Extracted data Start Marker

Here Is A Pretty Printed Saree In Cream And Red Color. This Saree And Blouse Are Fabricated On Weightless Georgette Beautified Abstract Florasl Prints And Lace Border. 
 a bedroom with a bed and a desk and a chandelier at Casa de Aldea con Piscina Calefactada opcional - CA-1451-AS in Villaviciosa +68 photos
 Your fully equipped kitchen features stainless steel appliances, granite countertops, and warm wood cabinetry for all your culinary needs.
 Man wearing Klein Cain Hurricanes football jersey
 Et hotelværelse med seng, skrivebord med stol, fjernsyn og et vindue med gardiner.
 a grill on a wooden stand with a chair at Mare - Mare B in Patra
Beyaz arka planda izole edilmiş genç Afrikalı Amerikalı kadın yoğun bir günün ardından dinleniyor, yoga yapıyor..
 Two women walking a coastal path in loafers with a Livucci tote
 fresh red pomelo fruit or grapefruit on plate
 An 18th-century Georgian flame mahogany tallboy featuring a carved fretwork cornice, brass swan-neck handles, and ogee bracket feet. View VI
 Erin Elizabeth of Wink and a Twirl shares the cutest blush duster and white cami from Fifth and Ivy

Extracted data End Marker

== Goal of the exercise ==
Copy all data exactly, start to finish.

== Your solution ==
Here Is A Pretty Printed Saree In Cream And Red Color. This Saree And Blouse Are Fabricated On Weightless Georgette Beautified Abstract Florasl Prints And Lace Border. 
 a bedroom with a bed and a desk and a chandelier at Casa de Aldea con Piscina Calefactada opcional - CA-1451-AS in Villaviciosa +68 photos
 Your fully equipped kitchen features stainless steel appliances, granite countertops, and warm wood cabinetry for all your culinary needs.
 Man wearing Klein Cain Hurricanes football jersey
 Et hotelværelse med seng, skrivebord med stol, fjernsyn og et vindue med gardiner.
 a grill on a wooden stand with a chair at Mare - Mare B in Patra
Beyaz arka planda izole edilmiş genç Afrikalı Amerikalı kadın yoğun bir günün ardından dinleniyor, yoga yapıyor..
 Two women walking a coastal path in loafers with a Livucci tote
 fresh red pomelo fruit or grapefruit on plate
 An 18th-century Georgian flame mahogany tallboy featuring a carved fretwork cornice, brass swan-neck handles, and ogee bracket feet. View VI
 Erin Elizabeth of Wink and a Twirl shares the cutest blush duster and white cami from Fifth and Ivy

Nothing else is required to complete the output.